The enormity of the US property meltdown strikes you in Miami as it does nowhere else. There might be more unsold homes in southern California and Las Vegas, but the debacle looks worse in south Florida for a simple reason: the tens of thousands of new units concentrated in clusters of dark, hovering, 40- to 50-storey towers

This week, the Miami Herald drew snickers with a story headlined, ‘Downtown Miami condos filling up fast.’ Citing an analysis by the city’s Downtown Development Authority, it touted the fact that 63% of the 21,616 condo apartments completed since 2003 are now occupied by buyers or renters, and 62% have been sold.

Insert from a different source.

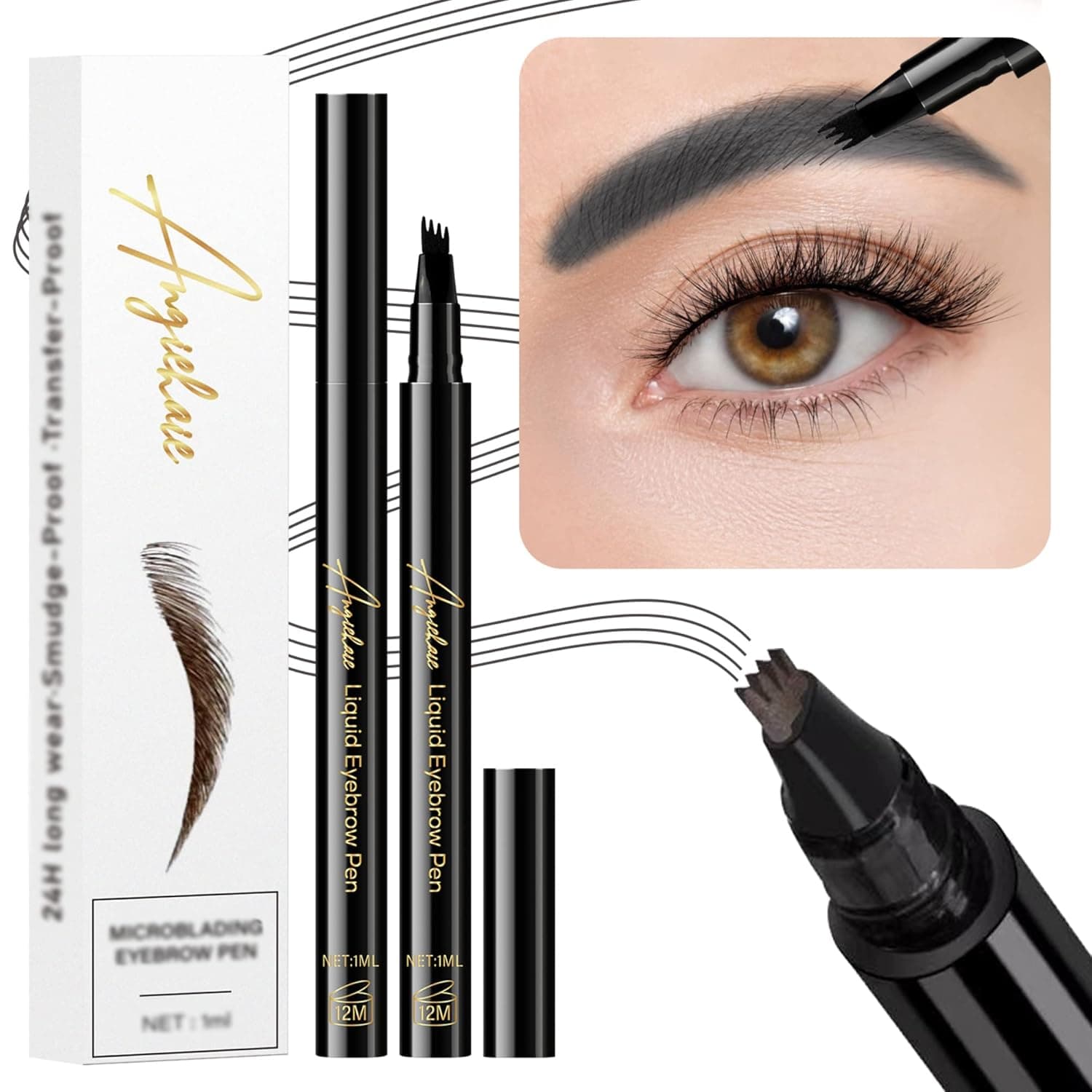 Eyebrow Pen, Microblading Eye Brow Pencil, Micro 4 Point Makeup Pens for Natural and Hair-Like Strokes, Long Lasting, Waterproof and Professional Eyebrow Definer (Ash Gray)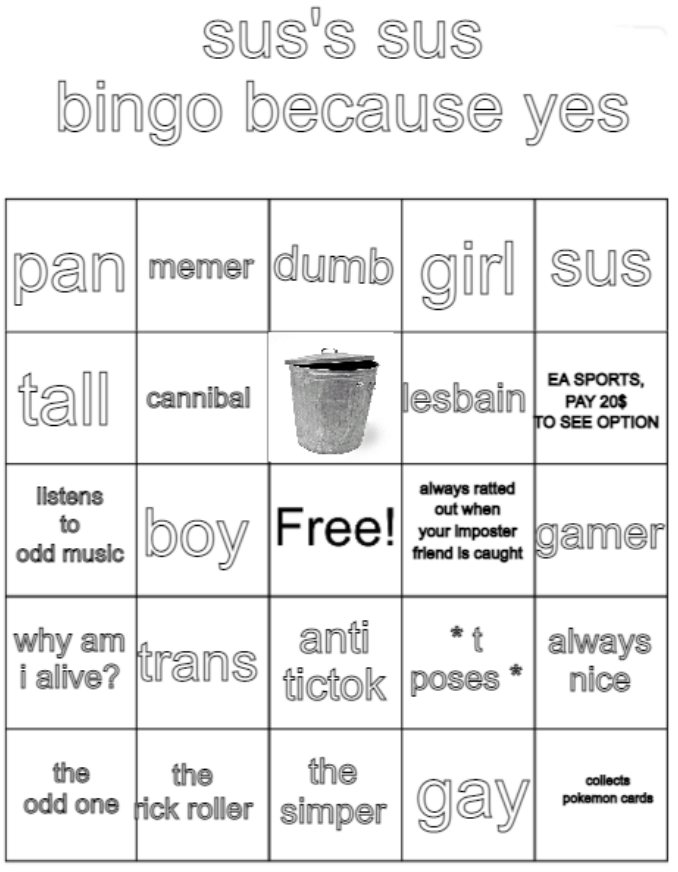 sus's sus bingo Blank Meme Template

To the relief of many, the overall south Florida inventory has declined slightly. But only in Miami would it be considered good news that 38% of flats in new skyscrapers are vacant.

More tellingly, the crisis is most acute in the newest properties. Of the 21,616 apartments included in the survey, 11,800 came on to the market in 2008 or earlier this year — of which a mere 36% have sold, many at drastically reduced prices. And by the end of 2009, 1,300 more units that are under construction will join the party.

Beach ball

The Miami glut is not to be confused with the situation in Miami Beach, on the eastern side of Biscayne Bay and a 10-minute causeway drive away. Despite the tendency of many who dwell in colder climes to perceive all of south Florida as a homogeneous blur of palm trees, they are distinct cities with separate municipal governments and dissimilar property outlooks.

The Miami Beach market, which includes celebrity-studded South Beach with its famed art deco architecture, is holding up better than Miami. The Florida Association of Realtors found that while the median sale price of existing condos in the greater Miami area was a mere $151,000 (£92,190), those in Miami Beach typically command between $500,000 (£305,135) and $5m (£3m).

Miami Beach is not immune to slashed prices and stalled developments. An empty lot across from the spectacular, thriving new Gansevoort South resort hotel on the ocean front is one of numerous sites where craters and windowless and roofless facades testify to the bursting of the bubble.

There are foreclosures, too. Condo Vultures, a real estate consultant and brokerage founded to exploit the battered market, says that last month nearly three dozen homes in South Beach alone were foreclosed for nonpayment on a total of $14m (£8.5m) of mortgage financing.